*** Opening of Material for this exercise ***

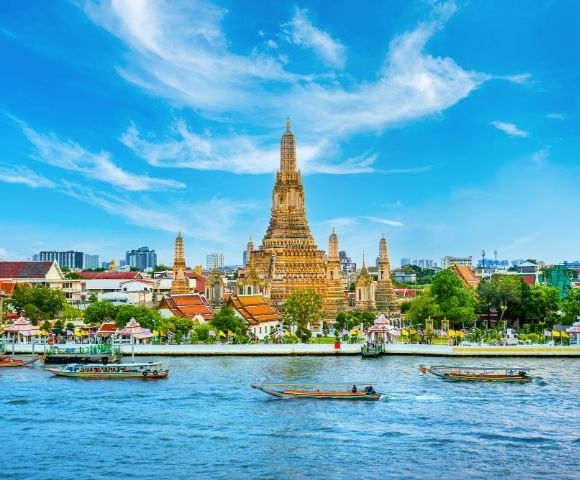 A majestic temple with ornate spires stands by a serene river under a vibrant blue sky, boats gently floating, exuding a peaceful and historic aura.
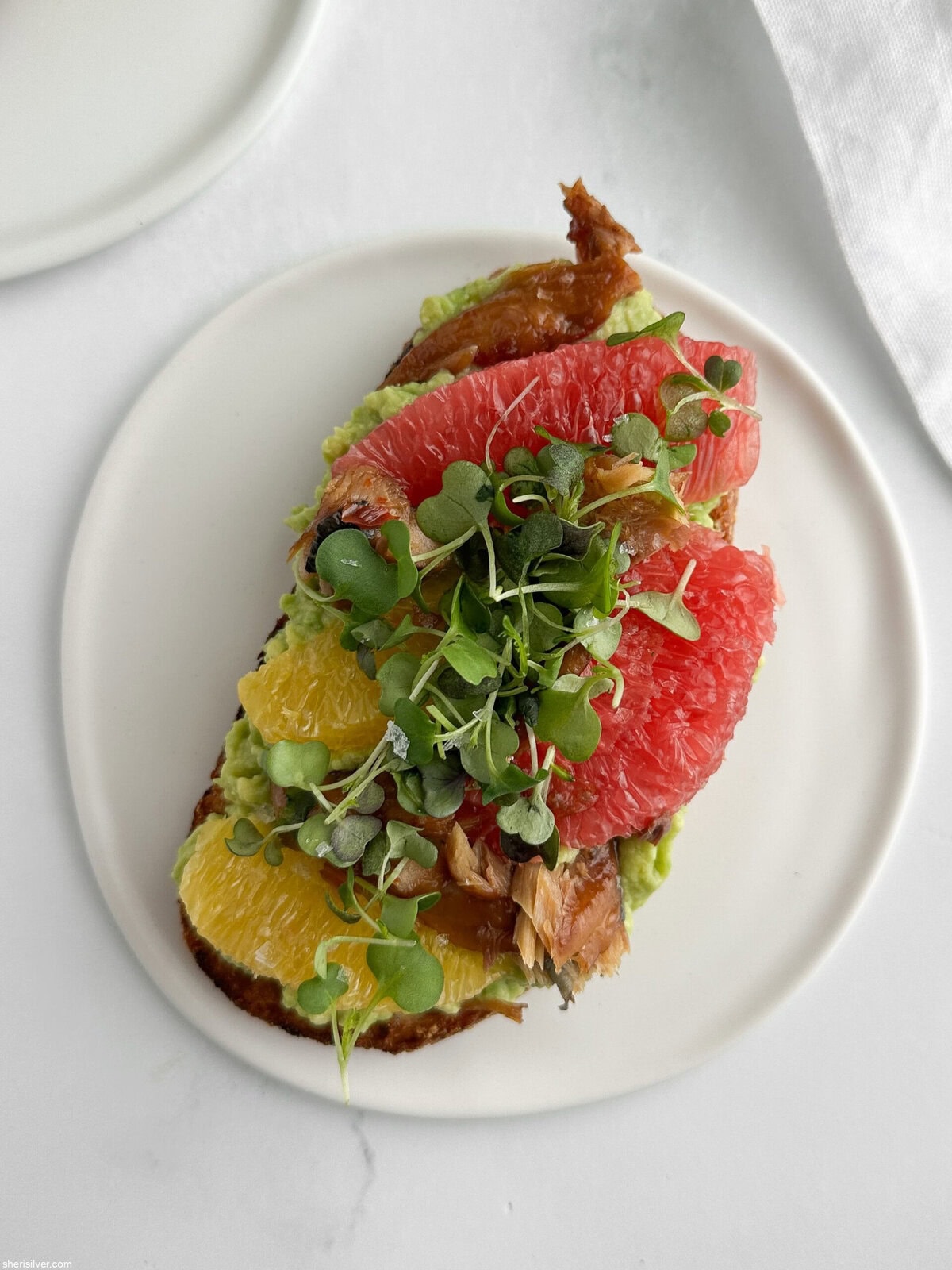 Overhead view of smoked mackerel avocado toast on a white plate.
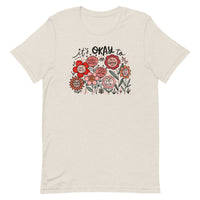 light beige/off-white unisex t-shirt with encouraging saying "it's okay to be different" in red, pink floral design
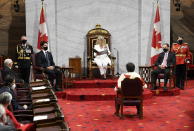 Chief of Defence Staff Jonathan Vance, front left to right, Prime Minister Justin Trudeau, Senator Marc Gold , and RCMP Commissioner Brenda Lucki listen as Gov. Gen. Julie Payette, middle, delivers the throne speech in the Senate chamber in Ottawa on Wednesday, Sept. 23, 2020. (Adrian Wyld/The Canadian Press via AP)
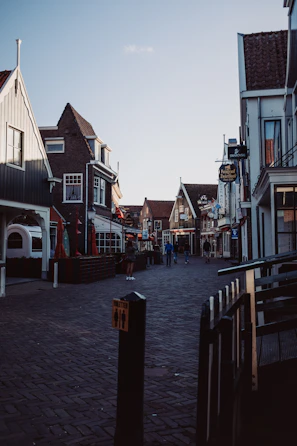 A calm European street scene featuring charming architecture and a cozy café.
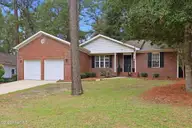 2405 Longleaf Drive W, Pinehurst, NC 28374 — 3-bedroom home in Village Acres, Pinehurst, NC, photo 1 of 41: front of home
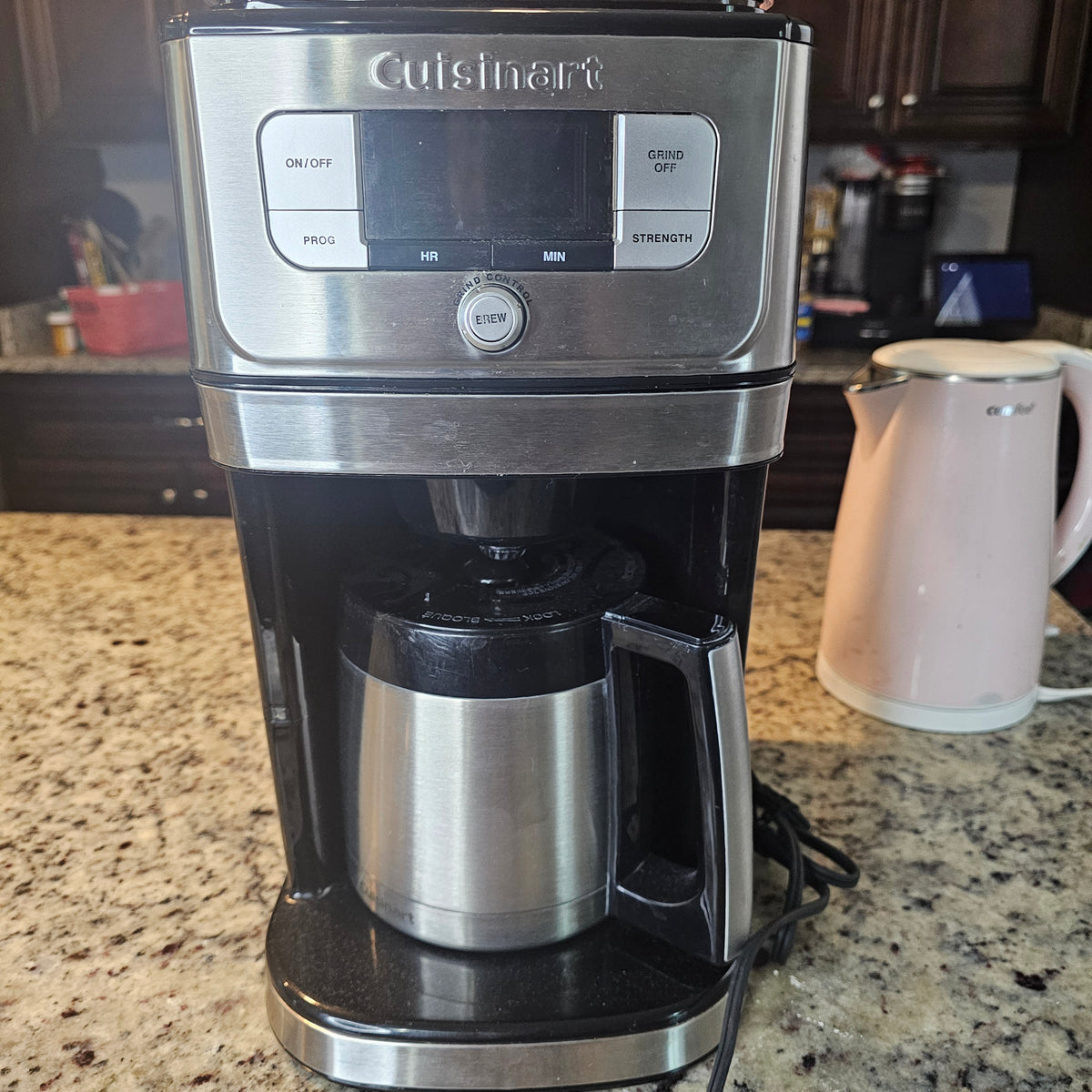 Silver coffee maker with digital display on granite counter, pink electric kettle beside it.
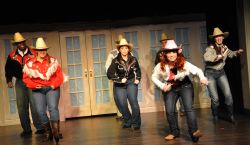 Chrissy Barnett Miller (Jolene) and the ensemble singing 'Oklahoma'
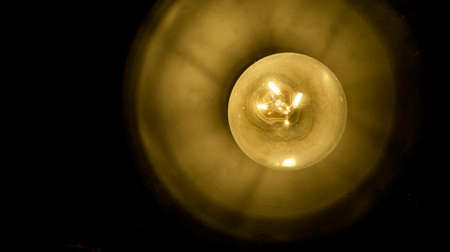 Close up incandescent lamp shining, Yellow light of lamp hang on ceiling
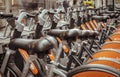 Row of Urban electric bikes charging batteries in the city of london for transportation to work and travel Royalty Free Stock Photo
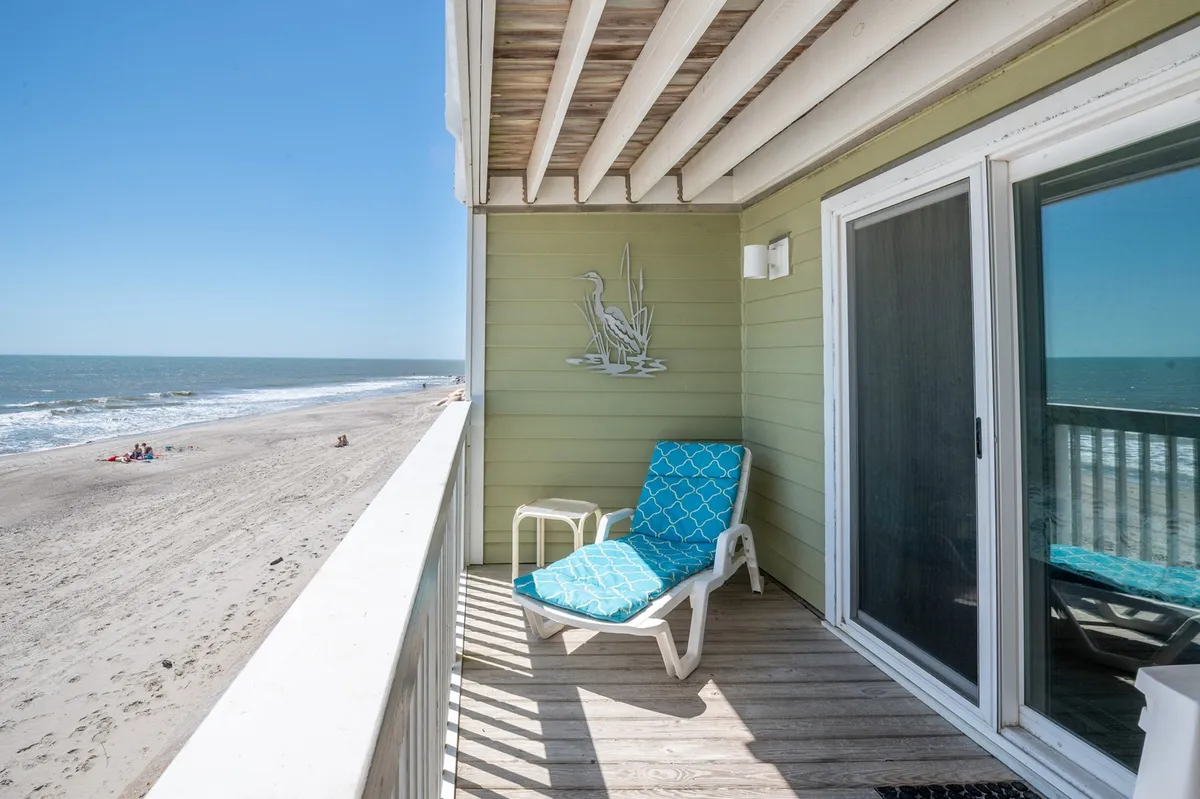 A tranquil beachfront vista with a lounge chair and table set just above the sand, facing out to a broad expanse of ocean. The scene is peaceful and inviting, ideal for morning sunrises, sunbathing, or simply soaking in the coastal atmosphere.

*** Close of Material for this exercise ***

= Exercise instructions =
Would you transcribe the lines above exactly, going from the line bearing "Chrissy Barnett Miller" through the line bearing "Row of Urban", and drop the pictures from the copy?

= Answer for this exercise =
 Chrissy Barnett Miller (Jolene) and the ensemble singing 'Oklahoma'
 Close up incandescent lamp shining, Yellow light of lamp hang on ceiling
 Row of Urban electric bikes charging batteries in the city of london for transportation to work and travel Royalty Free Stock Photo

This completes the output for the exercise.